Kwetu Kwanza 2025 marked a milestone in East African sustainable fashion, drawing over 4,000 visitors on Saturday 22nd and thousands more across its four-day run. In its sixth edition,the event was held in partnership with the Nyege Nyege Festival, taking place beside the Portal Stage and sharing a programme with artists including Skrillex, Flowdan, Mr. Silverback, Arsenal Mikebe, and DJ Travella. This year also celebrated Nyege Nyege’s 10th anniversary, under the theme Ekigunda Ky’Omuliro (“The Gathering of the Flame”).
The collaboration amplified the shared spirit of both festivals: Nyege’s championing of underground African sound traditions – including singeli, Acholitronix, Kadodi, Gengetone, Benga, Gqom, Congotekno, and Balani Show – and Kwetu Kwanza’s dedication to natural, upcycled, and indigenous fashion, from barkcloth and raffia to turmeric-dyed textiles, repurposed plastics, and reimagined second-hand garments.
This year’s exhibition was staged inside a Karamojong-inspired manyatta, built from bamboo, branches, hay, mud, cow dung, raffia, and dried banana leaves.
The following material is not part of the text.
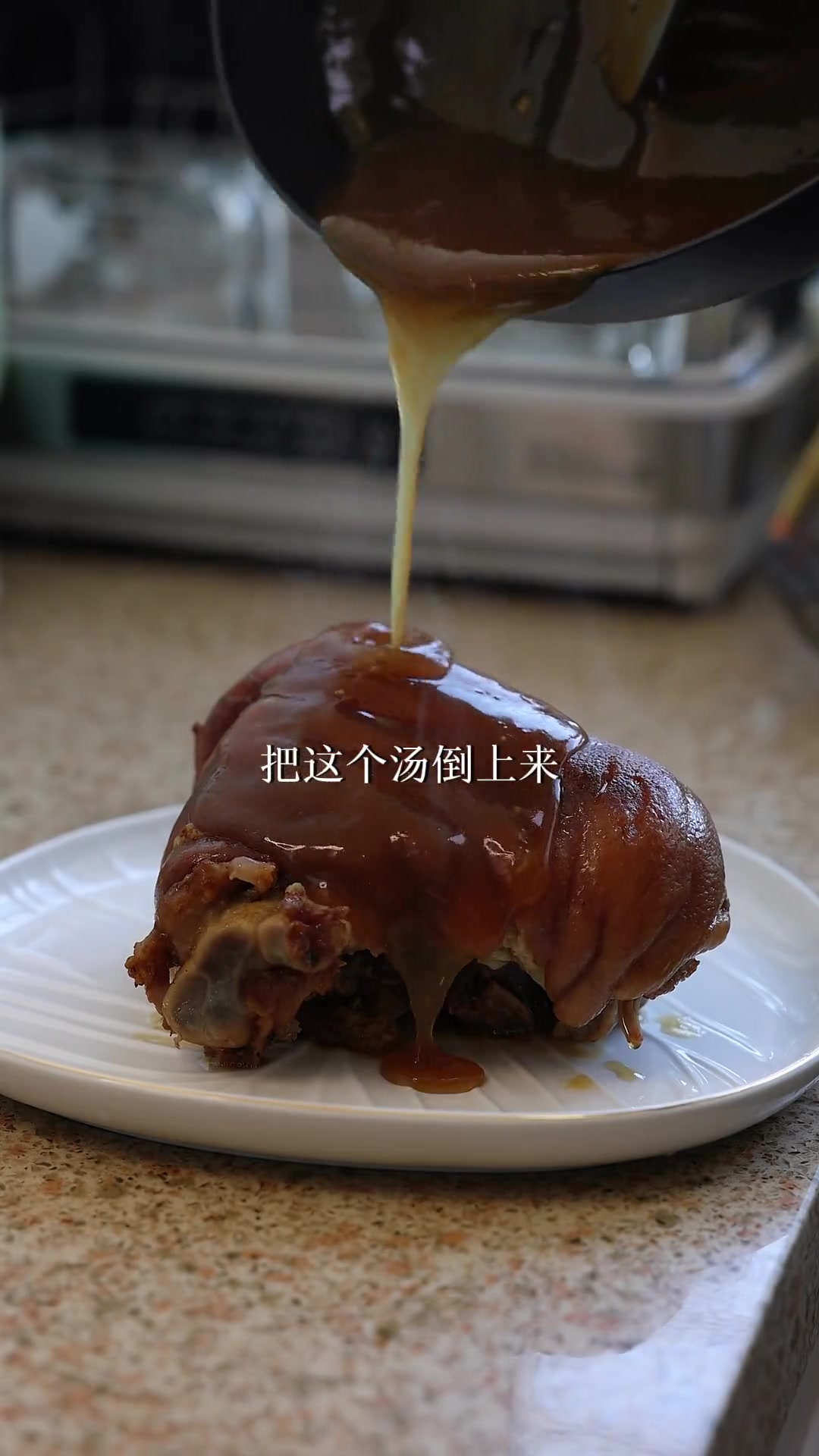 周末和兄弟姐们一起坐坐～做了好吃的红烧猪肘～香辣鸡翅～拍黄瓜～芋圆奶冰～黄瓜奶昔～炒青菜～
The village comprised 15 huts, each housing a different designer: two signature pieces on display and a rack of ready-to-wear garments for sale. The structure honoured the Karamojong’s deep ecological wisdom and their long-standing harmony with nature.
Kwetu Kwanza showcased 13 designers in the exhibition and over 15 in the marketplace, offering one of the most diverse gatherings of circular fashion talent in the region.
Programming & Performances
The festival opened with a collaborative demonstration by Turkish weaver Saba Arat and Ugandan designer Maganda Shakul, presenting their sound-responsive textile installation Resonant Threads. Later, performers staged a dynamic, deconstructed runway with live percussion by Kakuma Sounds Collective.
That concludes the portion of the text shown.